Having survived the flood, I grow close to other survivors and want to help them rebuild their lives. My new friend Connie is director of Pecan Paradise, a retirement home in Seguin not far from the lake. She asks me to work there as Activities Director. Seguin is thirty-five miles from San Antonio where Sam is an SAPD detective. A new beginning? A temporary relocation? A permanent shift?
Will I have the opportunity to root out injustice? Without a wrong to set right, I get bored. Will Sam be involved?
Nancy hasn’t told me, so I’ll have to wait and see. At least I’m in her head again. I was beginning to worry.
Yours truly,
Aggie Mundeen.
About the Author: Nancy G. West was a business major who later studied English literature and discovered that writing fiction is a lot more fun than accounting. She is the author of psychological suspense, Nine Days to Evil, the Aggie Mundeen Mysteries, and The Plunge, lead-in to the spin-off series in progress, Aggie Mundeen Lake Mysteries. She recently completed a new novel of domestic suspense. http://www.nancygwest.com, http://tinyurl.com/authorNancyG-West
Dear Aggie: Not to cause you more grief, but you really need to get over yourself. I’ve written five books and four are single title. Did I hear from MY characters? Well, maybe a little bit. The point is Nancy hasn’t forgotten about you, she’s just growing as an author. And like the phrase, “We’ll always have Paris,” Nancy will always have Aggie Fun blog, Nancy, and your standalone sounds intriguing as well.
Dear Miss Nancy,
I am reaching out to you to contact your Miss Aggie. I am the personal secretary of J. C. Lawrence, the investigative reporter for CRP TV.
Mr. Lawerence would love to interview Miss Aggie in the near future to better inform his viewers on how a super sleuth copes with the stress during these uncertain times.
Kind Regards,
Malika Bourne
PS. Let’s do virtual lunch/
Dear Donnell, You are most kind to Nancy. I’ll try harder. With all those single titles, I’m surprised you haven’t heard from your characters. Some may be happy but some may be seething. Just saying . . .
Dear Malika,
Thanks for your interest. Can you email Nancy, ngwest at sbcglobal.net?
I must warn you; she writes better than she speaks.
Virtual lunch sounds awesome.
What fun! I hope Nancy takes better care of you in future, Aggie – although it sounds as if you have lots of hair-raising adventures to look forward to. 🙂
Oh Aggie, I’m so sorry Nancy treated you that way. You should NOT be ignored. I’ll have a talk with her and see if she can make it up to you somehow. I must say, though, that my author, Kaye George, is not treating me much better. She’s been working on my fourth book for EVVV er.

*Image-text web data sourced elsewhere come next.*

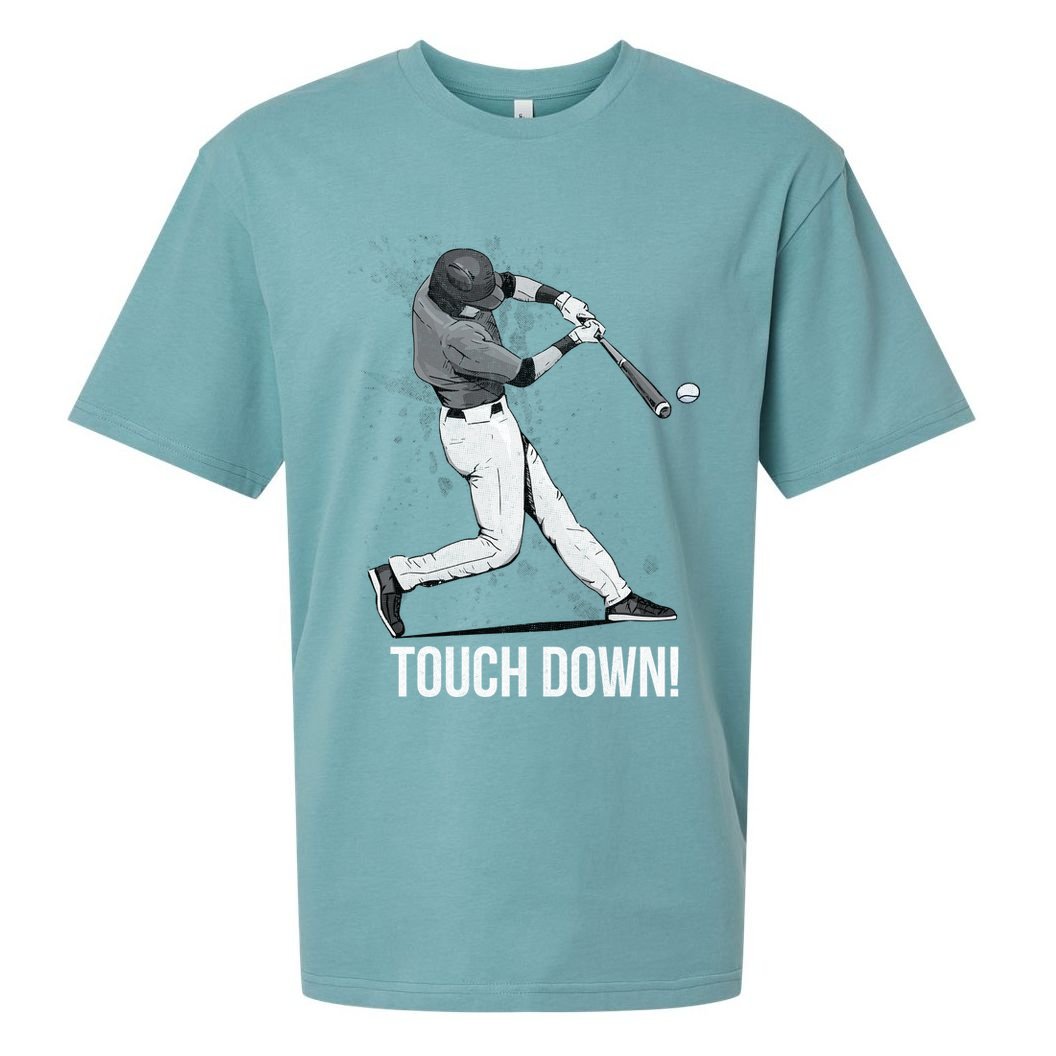 Touch Down Baseball Home Run Sueded Cloud Jersey T-Shirt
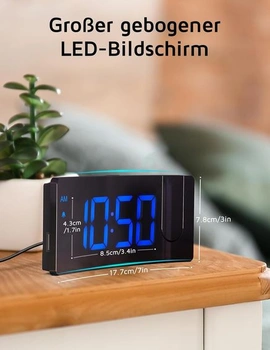Digitální budík GOLOZA s projektorem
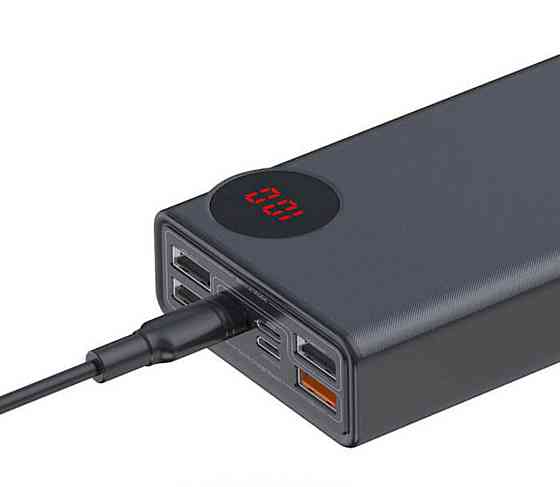 Зовнішній акумулятор Baseus Mulight Power Bank 30000mAh Black Киев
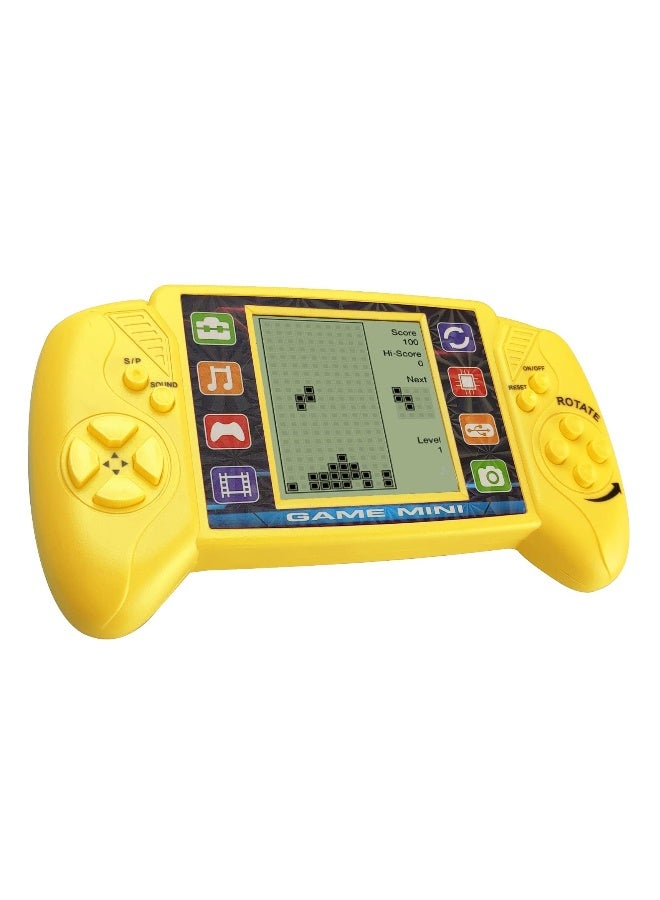 Brick Game Console, Built in 23 Puzzle Games,3.5in LCD Mini Portable Brick Game Player, Classic Brick, Tank, Brick Breaker, Racing - Image 1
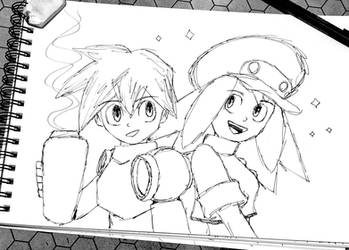 Mega Man and Roll - A Duo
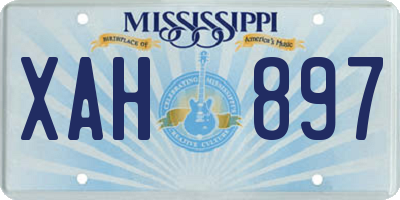 MS license plate XAH897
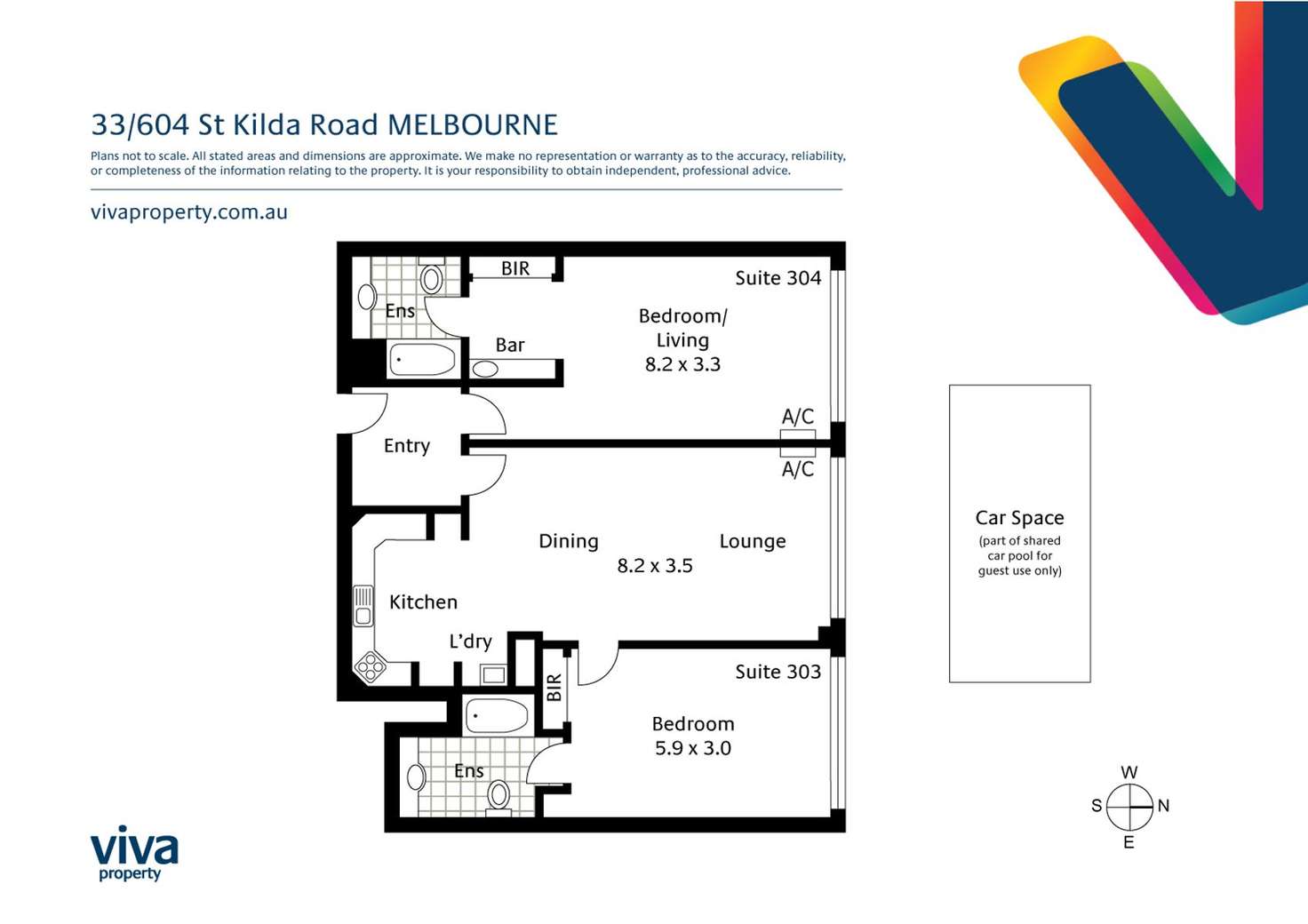 Floorplan of Homely unit listing, 33/604 St Kilda Road, Melbourne VIC 3004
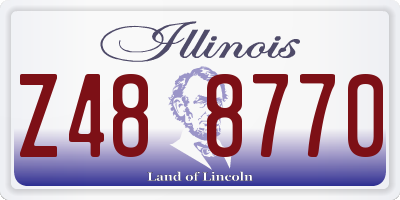 IL license plate Z488770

Yours truly, Imogene Duckworthy
Dear Imogene, Aggie thanks you. It’s nice to have a fellow sufferer. Tell Kaye, I get the forEVVVer thing. I’m starting a Guppy course soon, Plot Thickeners, that I hope speeds up the process for Aggie’ lake mystery.
Dear Barbara,
Thanks for the support. Nancy is outline my lake mystery so I’ll be in the thick of things soon. Yessss!